▶ [Your instructions]: One line at a time, check the entries below for the word "image", and copy each line that has it.

▶ [Records provided]:
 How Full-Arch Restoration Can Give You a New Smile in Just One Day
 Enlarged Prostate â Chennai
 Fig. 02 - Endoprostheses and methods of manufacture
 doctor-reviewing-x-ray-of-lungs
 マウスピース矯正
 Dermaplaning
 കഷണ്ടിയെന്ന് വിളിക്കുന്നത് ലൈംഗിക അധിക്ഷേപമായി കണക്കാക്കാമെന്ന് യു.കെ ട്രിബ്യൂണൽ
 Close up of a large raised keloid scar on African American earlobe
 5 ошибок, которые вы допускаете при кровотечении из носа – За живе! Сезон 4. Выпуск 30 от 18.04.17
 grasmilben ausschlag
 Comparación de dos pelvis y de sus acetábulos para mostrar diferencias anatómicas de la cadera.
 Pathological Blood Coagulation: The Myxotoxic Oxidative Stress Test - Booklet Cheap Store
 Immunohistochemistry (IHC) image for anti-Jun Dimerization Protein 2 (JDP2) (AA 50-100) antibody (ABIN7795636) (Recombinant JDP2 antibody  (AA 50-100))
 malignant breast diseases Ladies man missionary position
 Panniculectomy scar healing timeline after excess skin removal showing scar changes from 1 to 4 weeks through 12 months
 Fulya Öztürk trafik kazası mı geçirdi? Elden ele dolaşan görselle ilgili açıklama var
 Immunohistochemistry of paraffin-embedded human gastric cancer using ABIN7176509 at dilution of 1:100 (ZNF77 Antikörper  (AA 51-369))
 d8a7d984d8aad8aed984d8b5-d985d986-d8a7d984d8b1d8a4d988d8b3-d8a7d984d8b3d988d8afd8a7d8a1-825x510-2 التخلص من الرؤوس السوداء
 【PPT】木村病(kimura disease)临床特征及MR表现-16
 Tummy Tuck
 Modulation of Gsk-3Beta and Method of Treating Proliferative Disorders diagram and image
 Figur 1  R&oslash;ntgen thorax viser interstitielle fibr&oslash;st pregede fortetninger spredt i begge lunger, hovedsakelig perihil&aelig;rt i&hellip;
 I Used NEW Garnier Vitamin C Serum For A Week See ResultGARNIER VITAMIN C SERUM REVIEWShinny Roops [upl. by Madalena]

▶ [Response to this task]:
 Immunohistochemistry (IHC) image for anti-Jun Dimerization Protein 2 (JDP2) (AA 50-100) antibody (ABIN7795636) (Recombinant JDP2 antibody  (AA 50-100))
 Modulation of Gsk-3Beta and Method of Treating Proliferative Disorders diagram and image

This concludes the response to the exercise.